I really appreciate all the great text formatting options — thanks! One option I'd love to see added is paragraph spacing. This could be passed as an optional argument to playdate.graphics.drawText and friends, and/or set via e.g. playdate.graphics.font:setParagraphSpacing(). This would manifest as extra space (increased leading) before the next line following a hard-coded \n within the provided text.
This would make it convenient to manage small blocks of stylized text without needing to manually account for the size of each line/paragraph they contain. Some examples:
Longer form text, with multiple paragraphs of prose
Short lists, to add extra space between list items
Title + description blocks, where the title might be bolded, followed by a small gap, followed by one or more lines of wrapped text
I've already hacked together a small change to _layoutTextInRect in CoreLibs/graphics.lua which achieves the effect, which I can share if helpful. It's quite straightforward since the inner loop already iterates over each hard-broken line — just add the appropriate paragraphSpacing at the very end of each loop. However, since I couldn't set a property on the font object itself, I cheated and just set playdate.graphics.paragraphSpacing in order to get the desired value into that function cheaply. Would be great to have official support!
As far as parameterizing it, I'm not sure which approach to specifying paragraph spacing makes the most sense, but I'd accept any of:
An additive value (added to leading)
An override value (used instead of standard leading)
A multiplier (e.g. 1.5 would yield space equal to lineHeight * 1.5 between paragraphs)
Oh, sure! There's a _layoutTextInRect helper inside graphics.lua (in CoreLibs). The last for loop in that function does the bulk of the layout work, line by line. I just inserted this immediately before the end termination for that loop:
if i < #lines then
y += (playdate.graphics.paragraphSpacing or 0)
end
Then, to make use of it, I just set playdate.graphics.paragraphSpacing = 6 (or whatever), and subsequent calls to any of the text layout functions observe that value.

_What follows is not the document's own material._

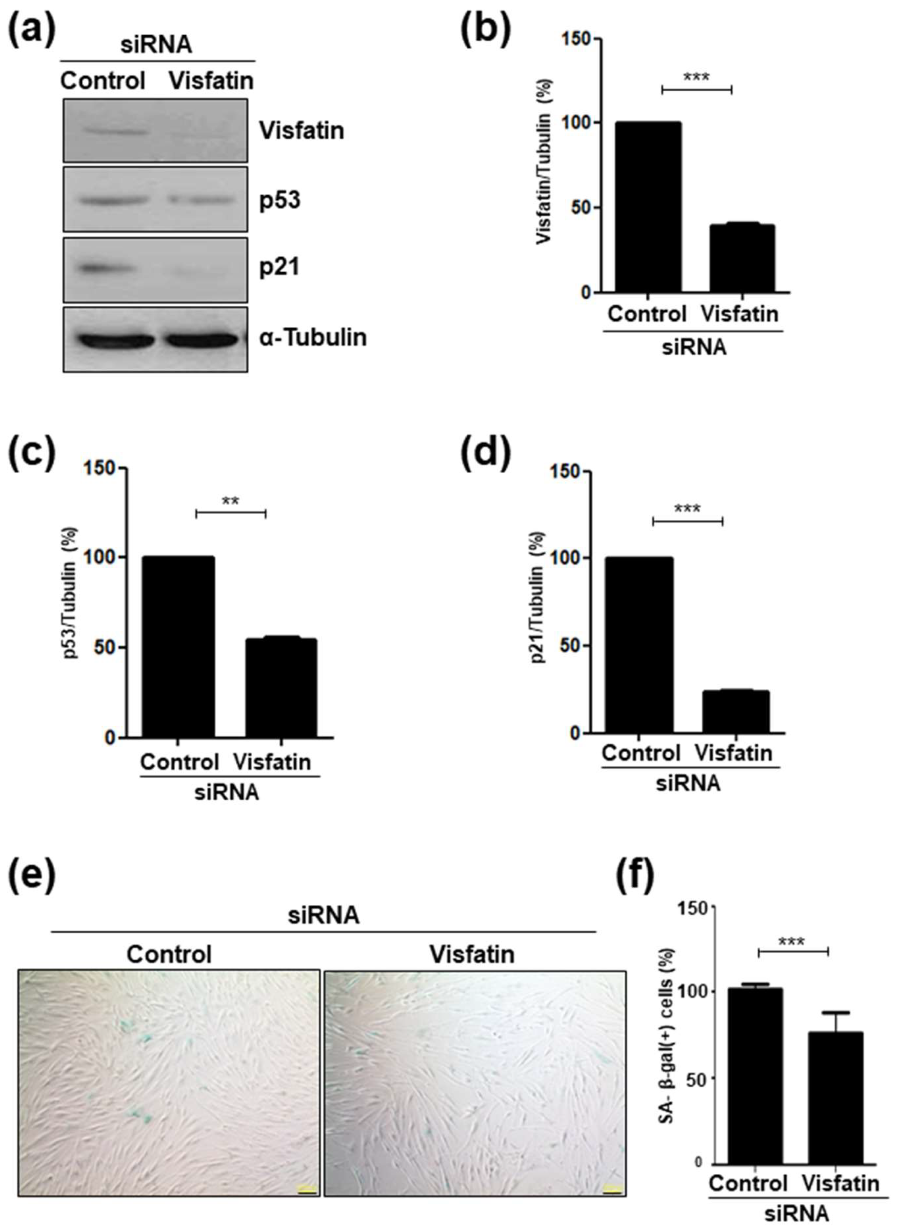 Cells 09 00193 g003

Here's what it looks like in context. Line 505 is the last line of _layoutTextInRect.
This is great, thank you for sharing. This will be my first time going "deeper" under the hood like this. Being a novice, I think I see what I should do, but would you mind telling me if I'm off anywhere in my logic?
I see your graphics.lua file is in your source folder. I'm going to make an assumption that I need to make a copy of the graphics.lua file and put it my project source folder so that the override will be in the proper "context" code wise.
In the project, when we call a graphics action, it would normally pull from that original graphics.lua file, but since we have a copy of it in our source folder, that is the primary source used instead. Is that accurate?
Next, will this apply project wide, or is it something akin to a variable that I could selectively add in per TextInRect call?
You don't have to copy it into your source folder. For a while I did not, but if you don't copy then you need to reapply the change every time you update the SDK version. (Of course, if you copy, then you don't pull in changes from the update unless you go through those same steps, but if you're okay locking to whatever version you have at hand now, then copying is easier.)
I keep mine at source/overrides/graphics.lua, and then import it explicitly with import "overrides/graphics". If you do this, it will replace the one provided by CoreLibs and apply project wide.
Ahh, ok. I got it now. That actually helps me understand why we do import "CoreLibs/..." that's us pulling in the SDK version of the file. Hence why updates to the SDK would wipe out the change.
I like the idea of making an override file and just independently updating that with SDK updates. Keeps it "in view" and would help remind me of the why. I fall into the trap of 'out of sight, out of mind' WAY too easily haha.